Local protests are said to be rising in frequency and intensity, McKinsey says.  The government is reluctant to begin visible clampdowns in a Twitter and SnapChat-filled communications world.  There is, the author says, a growing resistance to building more pollution-generating projects like mining and chemical ventures in the countryside.

As the push for infrastructure spending increases, the issue of capital efficiency will come to the fore.  Efficient use of capital, some research has shown, is a key for countries to breakout from emerging market status to that of a developed economy.  Chinese capital utilization has been splashy and visible, but not necessarily efficient.

Online retailing may turn traditional Chinese store retailing on its ear.  A particular model being used by Chinese-American entrepreneurs in the U.S. may work very well in China.  The model produces frequently changing designs of consumer textile products on small runs, which encourages new orders and established customers to frequently check the offerings.  If this model were exported to China where labor rates are lower, it might work.  The point is that traditional big box retailing might not have a future in China apart from the super-cities.

Middle class parents are said to be hedging their bets by enrolling their young students in foreign boarding schools, as their parents also acquire property in these countries, from Switzerland to the United States.

Foreign investors, McKinsey says, are increasing their investment in the Chinese Super League, as football club prices in England's Premier League are at relatively stratospheric levels for the top clubs.  This would be a good sign and a potentially good way for foreign investors to indirectly play the rise in consumer income and wealth.  It remains to be seen how, and if, foreign investors can make money and achieve liquidity.

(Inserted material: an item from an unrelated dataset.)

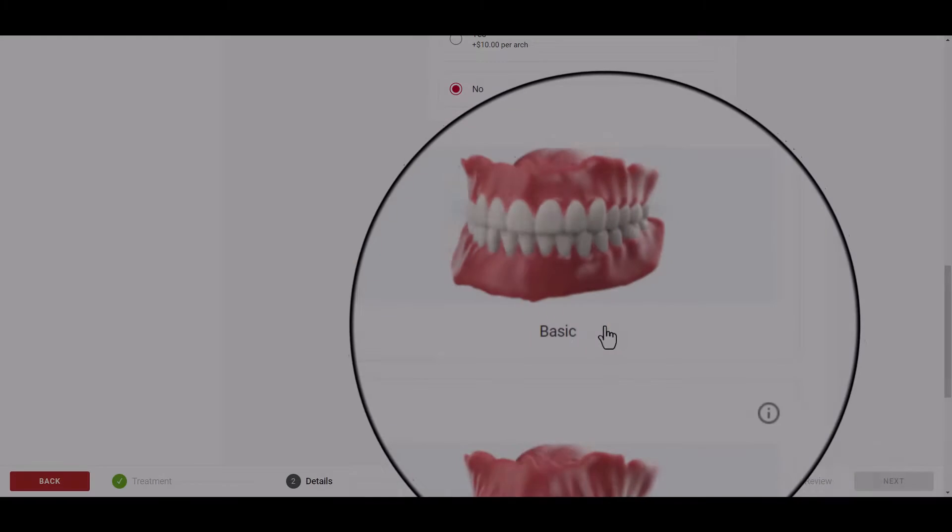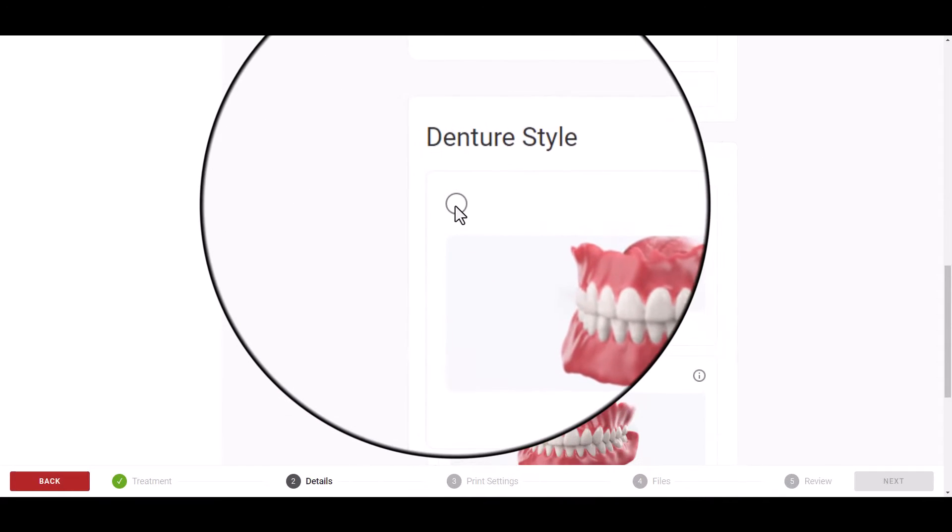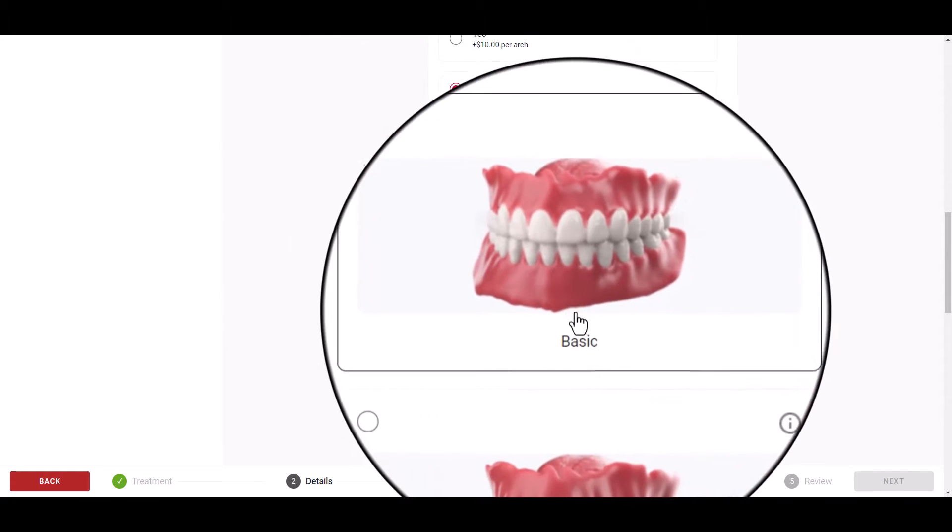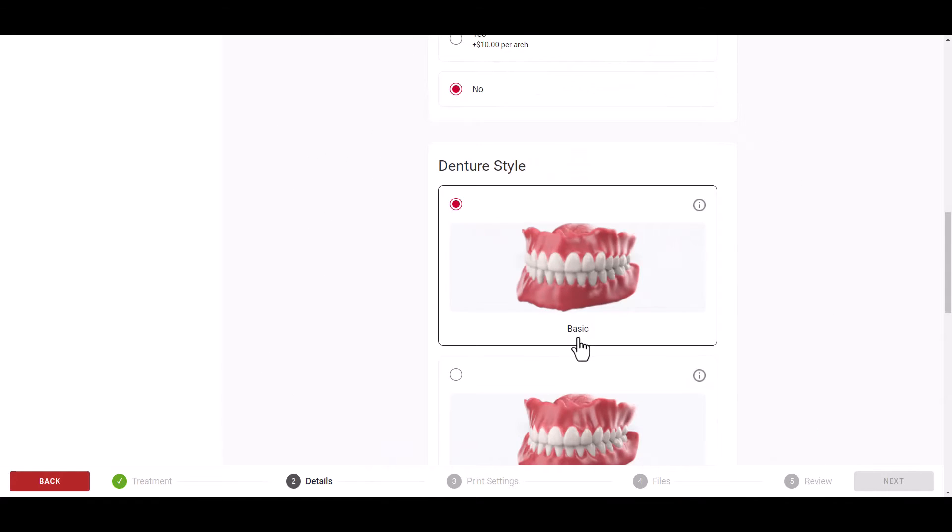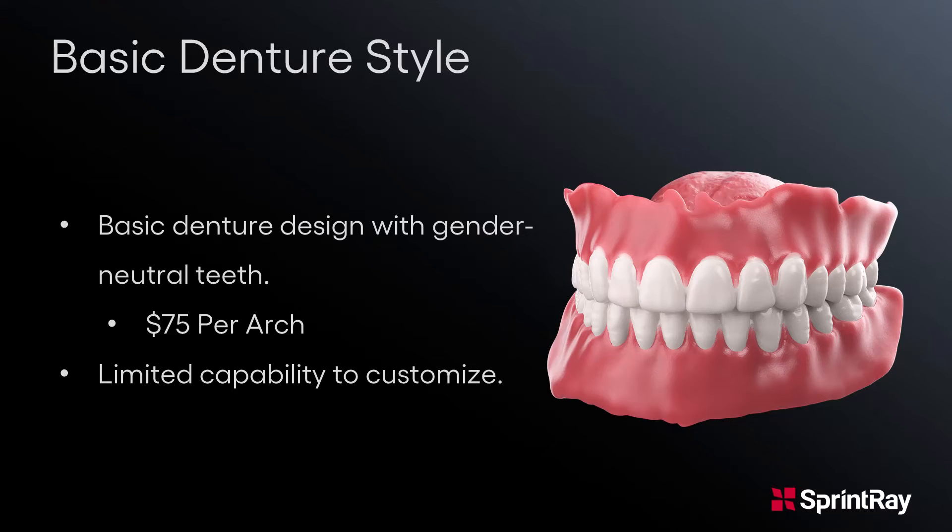Basic Denture. Under the Denture Style section, click on the Basic Denture. The Basic Denture has gender neutral teeth and limited ability to customize and starts at $75 per arch.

China is increasingly looking to take stakes in foreign agriculture, as it is already the second largest importer of rice and barley, and among the top ten importers of corn.  The country already leases hundreds of thousands of hectares of crop land from Australia to Kazakhstan for growing soybeans. Moving large volumes of grains, seeds and oils is probably one factor in the interesting venture recently announced among Cargill, private equity and Chinese shipbuilders.

Smart, agile traders will have some money making opportunities in the next few years as the Chinese economy adjusts to longstanding imbalances and begins a different stage in its economic development.